Mr McGuinness said they were both "determined" to try and protect frontline services and ensure that the public sector was not "sacrificed" at the expense of the private sector.
"What we have to do is encourage the private sector but ensure that we continue to provide jobs for our people and to move forward and ensure that vital services, particularly for people in socially and economically disadvantaged situations, can have their futures protected."
Mr Robinson said they were still waiting on the Treasury to provide details of the breakdown in the cuts between capital and resource expenditure.
"We are unable to take our decisions as to whether we defer our cuts until the following financial year until we get that information, so we need to improve the consultation that there is between the Treasury and the devolved regions."
It was the first time that Mr Cameron had held a joint meeting with ministers from the three devolved administrations.
The meeting came a day after the prime minister warned of enormous implications if cuts in public spending do not start immediately.
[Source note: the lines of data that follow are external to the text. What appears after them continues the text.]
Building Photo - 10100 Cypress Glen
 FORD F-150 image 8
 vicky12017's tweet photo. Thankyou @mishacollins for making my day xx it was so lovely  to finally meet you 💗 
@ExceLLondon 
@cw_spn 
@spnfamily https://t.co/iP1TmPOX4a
Last month, £128m was cut from the Northern Ireland budget.
The Executive has yet to decide whether it will enforce the cuts immediately or whether they will be deferred.
Ministers discussed the impact of the recession and the planned expenditure cuts affecting each administration.
They also identified shared interests in encouraging sustainable economic growth and achieving the best value provision of public services.
Maintaining and improving competitiveness were also agreed to be priorities.